A sense of nationalism as well as increased reliance on extra-musical literary and pictorial references also characterize the Romantic period. This is the era in which composers wrote vast symphonic poems, gigantic operas and virtuosic sonatas and concerti. Since this period is so diversified with so many composers from different nations with vastly different styles, it is somewhat difficult to characterize the "Romantic sound." Wagner and Brahms were two equally Romantic composers, but they could hardly be more different from each other, and in fact they were de facto leaders of rival schools of musical thought. The list of great composers from this era is imposingly large: Schubert, Brahms, Schumann, Wagner, Bruckner, Mendelssohn, Tchaikovsky, Chopin, Liszt, Dvorak and Berlioz, just to name a few.
20th Century (pre-World War II): All bets are off as the available musical resources increase at a rapidly escalating rate. Composers take advantage of this bounty to come up with some of the most astonishly complex and diverse music yet written, in styles ranging from old-fashioned (neo-Romantic and neo-Baroque) to new and experimental (atonal, polytonal, serial, polyrhythmic).
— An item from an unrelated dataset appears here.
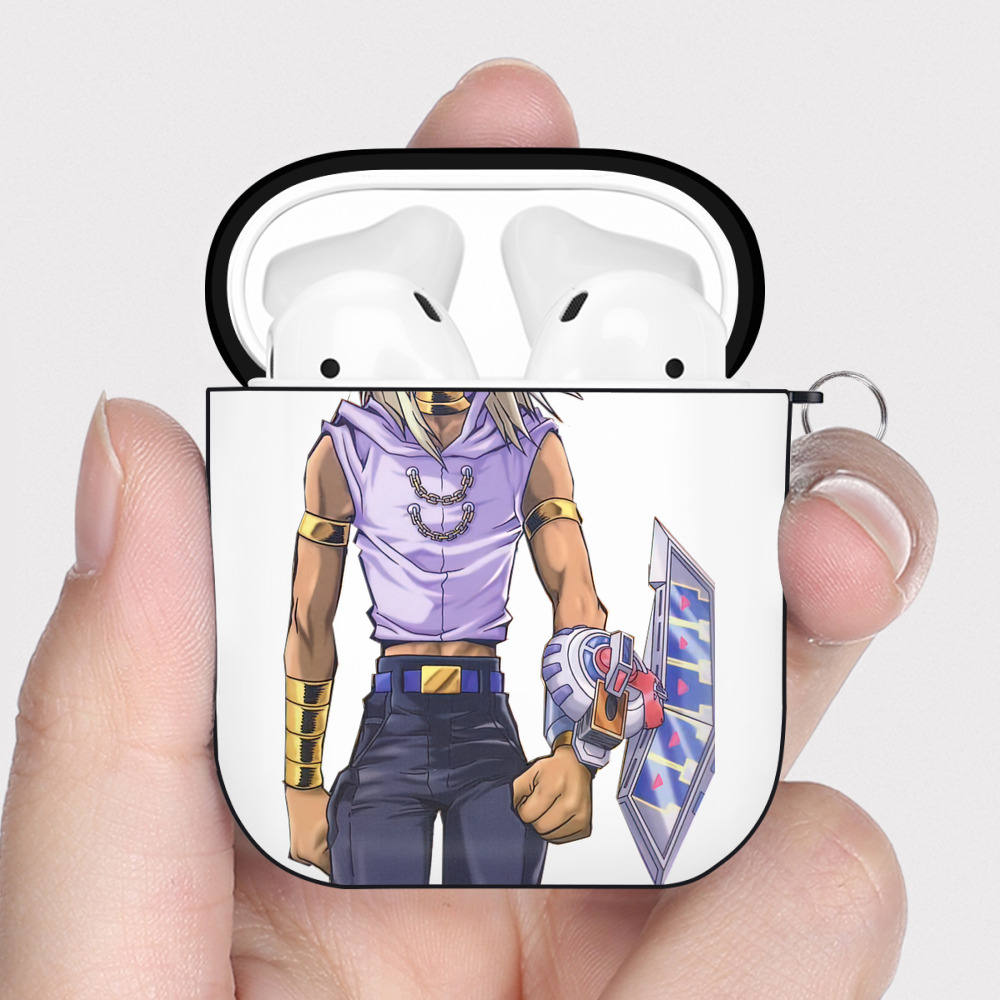 （画像用） 遊☆戯☆王 Yu-Gi-Oh! AirPods 第2世代保護ケース ハードシェル ブラック 耐衝撃・防指紋・カラビナ付き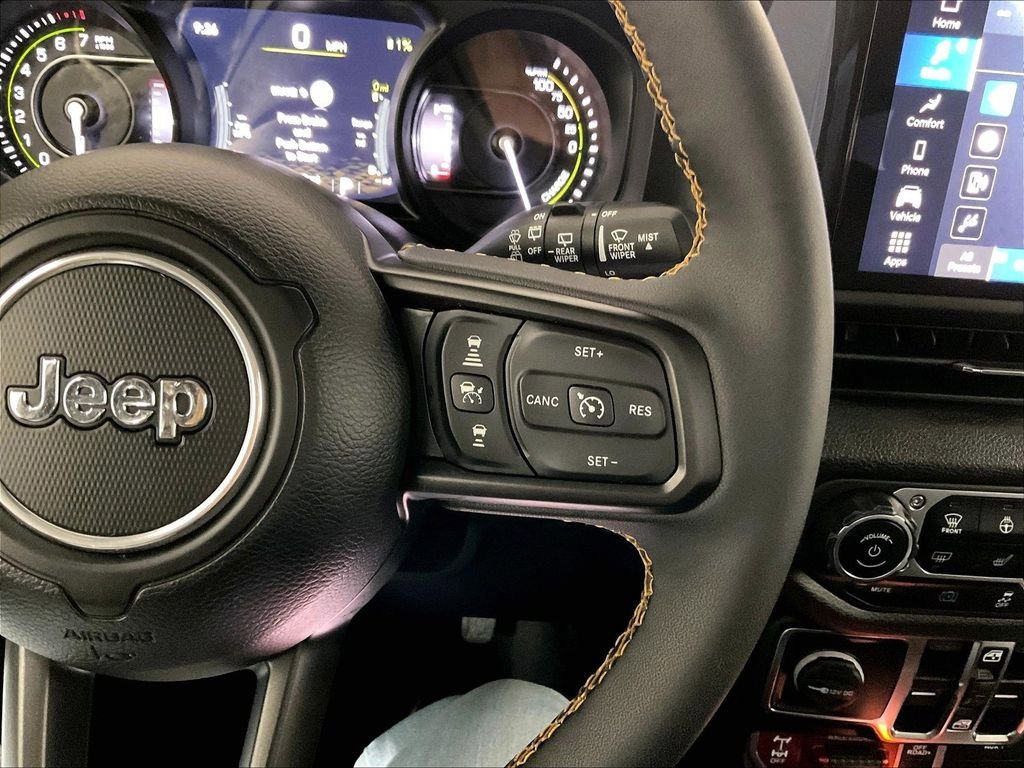 Used 2024 Jeep Wrangler Unlimited AWD/4WD image 23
Important composers are too numerous to count but include Stravinsky, Schoenberg, Webern, Bartok, Verdi, Mahler, Sibelius, Shostakovich, Rachmaninoff, Prokofiev, Varese, Ives, Holst and many, many more.
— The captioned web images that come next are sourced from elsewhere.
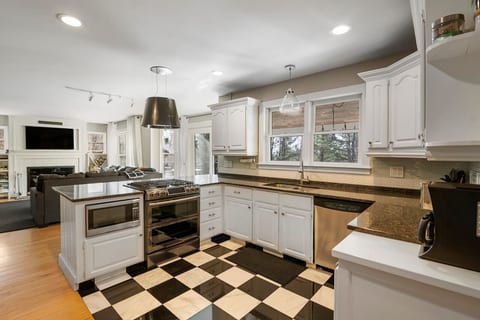 Full kitchen - Main floor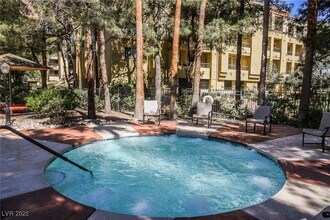 260 E Flamingo Rd, Unit 334 in Las Vegas, NV - Building Photo - Building Photo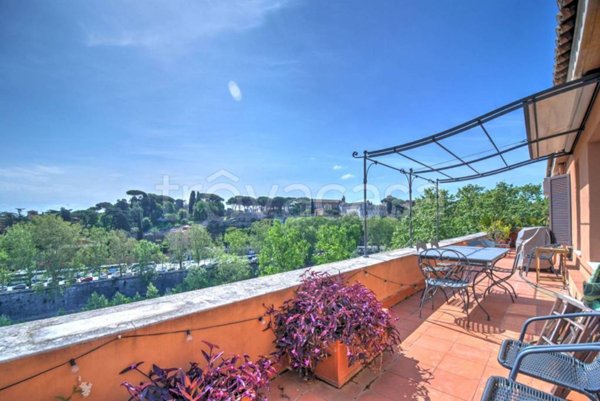 appartamento in vendita a Roma in zona Trastevere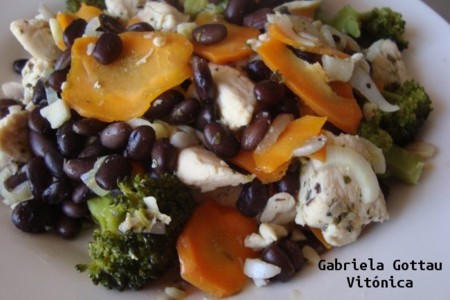 Salteado de judías negras, pollo y vegetales. Receta saludable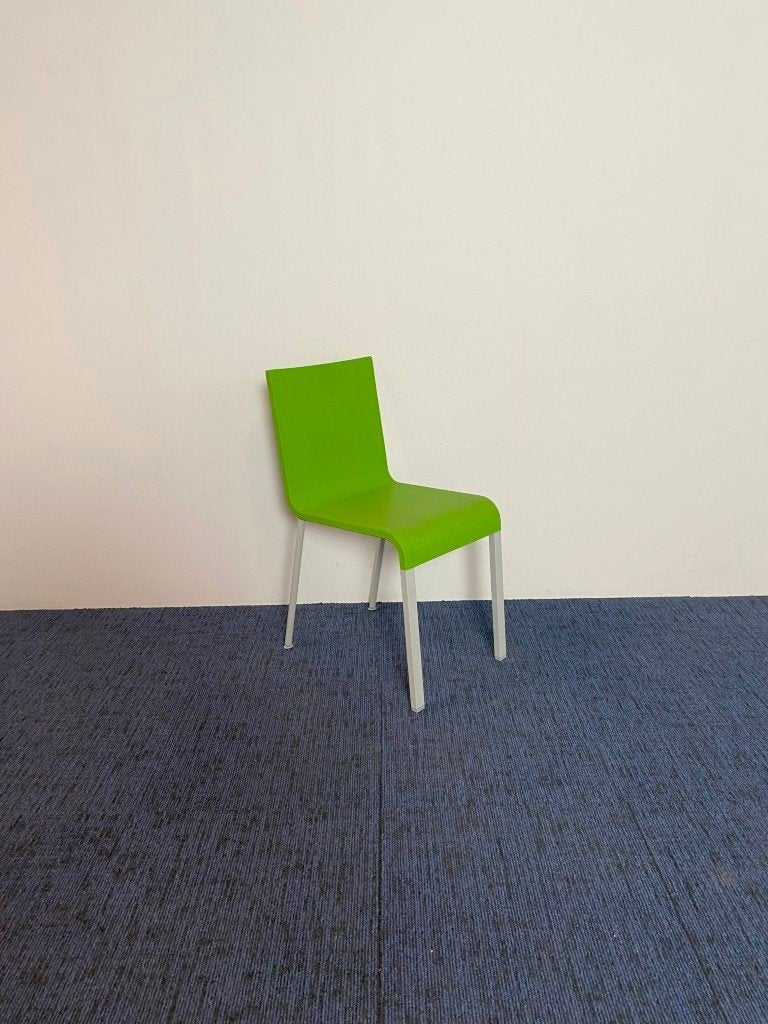 2 x Vergaderstoel Vitra .03 (niet stapelbaar) - groen, Huis en Inrichting, Stoelen, Ophalen, Kunststof, Gebruikt, Twee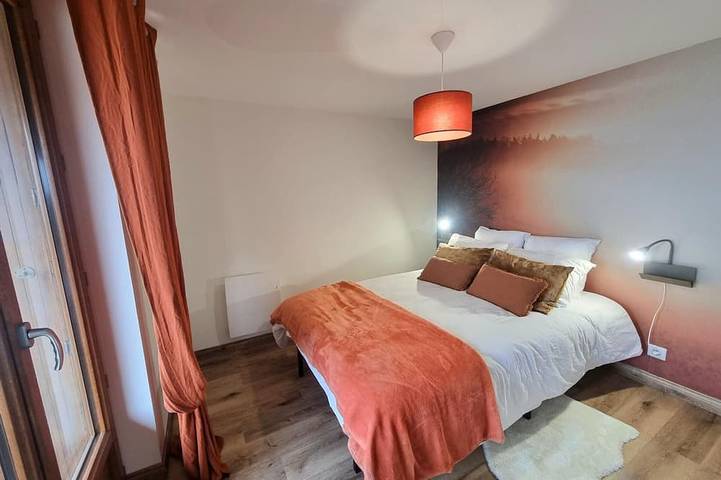 Gîte pour 6 personnes, avec jardin à Le Bessat - 2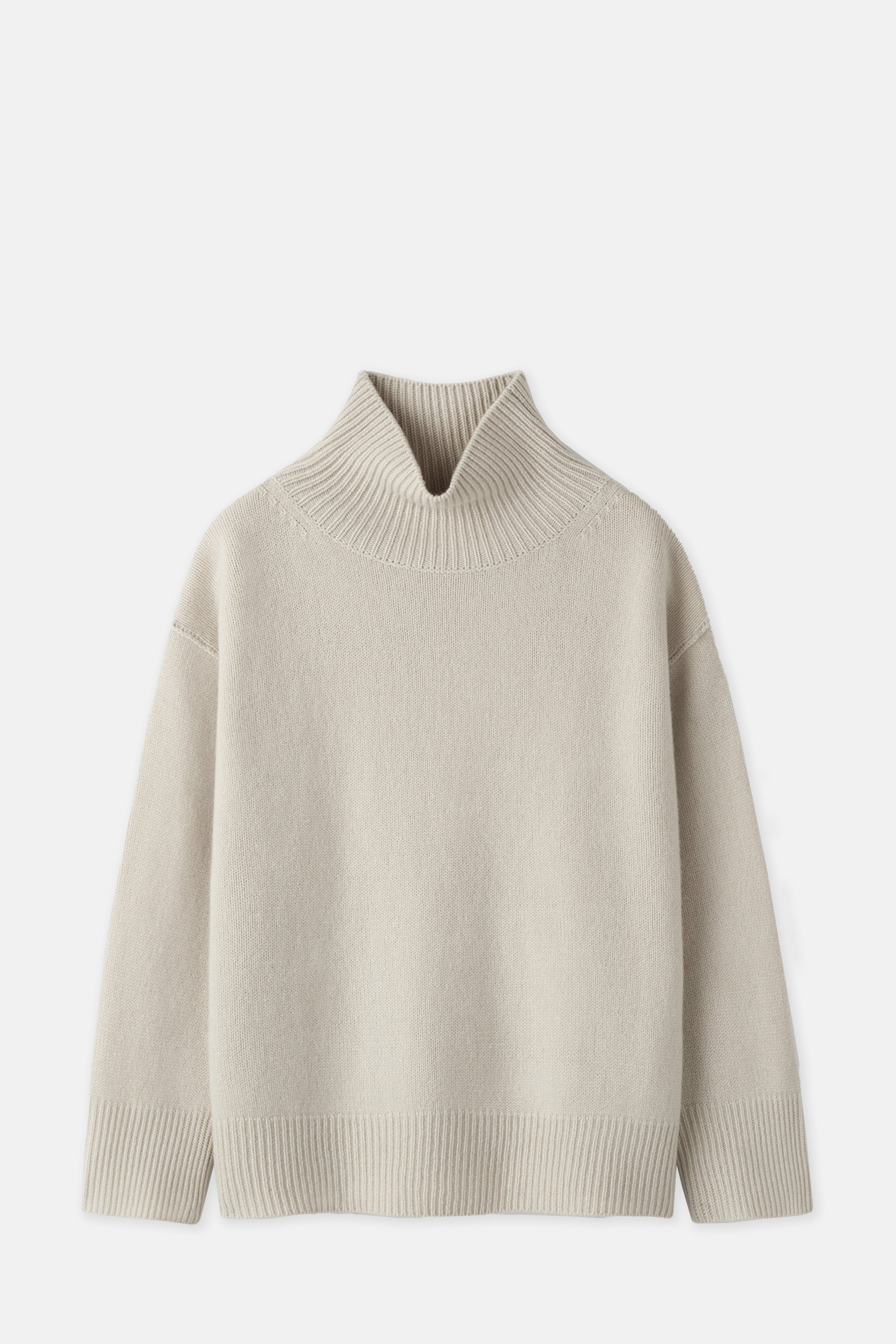 Chalk Boyfriend Turtleneck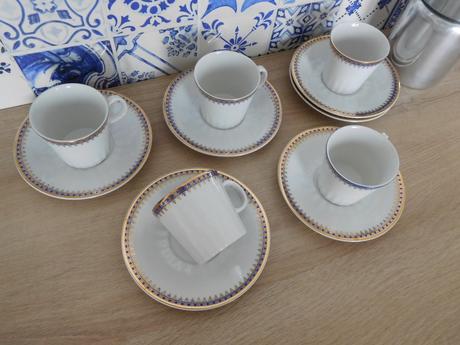 Porcelánové šálky made in čechoslovákia, 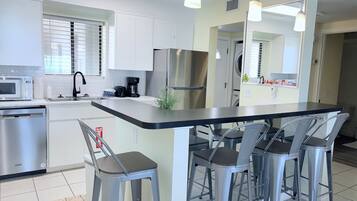Appart'hôtel, plusieurs lits, accès piscine, vue océan (Beachside Surf Haven) | Cuisine privée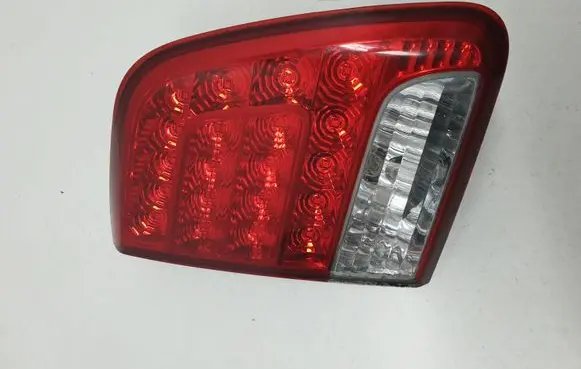 KIA Sorento Tailgate rear/tail lights 924052P12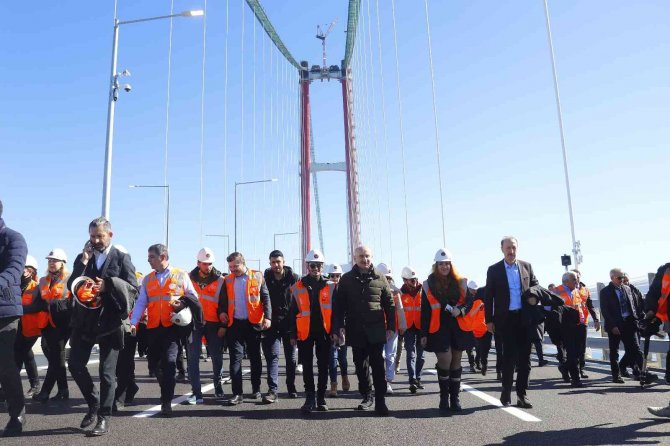 Bakan Karaismailoğlu: “Cumartesi Günü Çanakkale Boğazı’na Adeta Bir Mühür Vurulmuş Olacak”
20th Century (post-WWII): The rise to prominence of several forms of popular music outside of the classical tradition (notably jazz and rock n roll among many others) creates a problem for composers who choose to continue writing "traditional" music. Some choose to ignore the outside world and continue the developments of those before them: Pierre Boulez, among others, develops serial music and others follow suit. Other composers take advantage of new advances in technology in various ways, composing pieces for magnetic tape and using samples of "found sounds" and manipulating them in various ways (the technique is called musique concrete and is first used by Edgard Varese and Pierre Henry, later taken up by Karlheinz Stockhausen and many others). Still others follow more idiosyncratic paths: John Cage experiments with "prepared" piano as well as compositions mediated through the operation of chance, making explicit the heretofore unacknowledged random ineffability of musical performance; Krystof Penderecki and others write music utilizing micro-intervals to create new levels of dissonance; Steve Reich, Terry Riley and Philip Glass explore various aspects of minimalism in music; Frank Zappa uses the example of Varese's "blocks of sound" combined with his own love of rhythm & blues to create a savvy, satirical, heavily-ironicized music combining elements of rock, jazz, pop and 20th century classical. Other composers before and since WWII include: Harry Partch, Conlon Nancarrow, Olivier Messiaen, George Crumb, Gyorgi Ligeti, Arvo Part, and myriad others.
For much more detail on all of these eras, Wikipedia is your friend.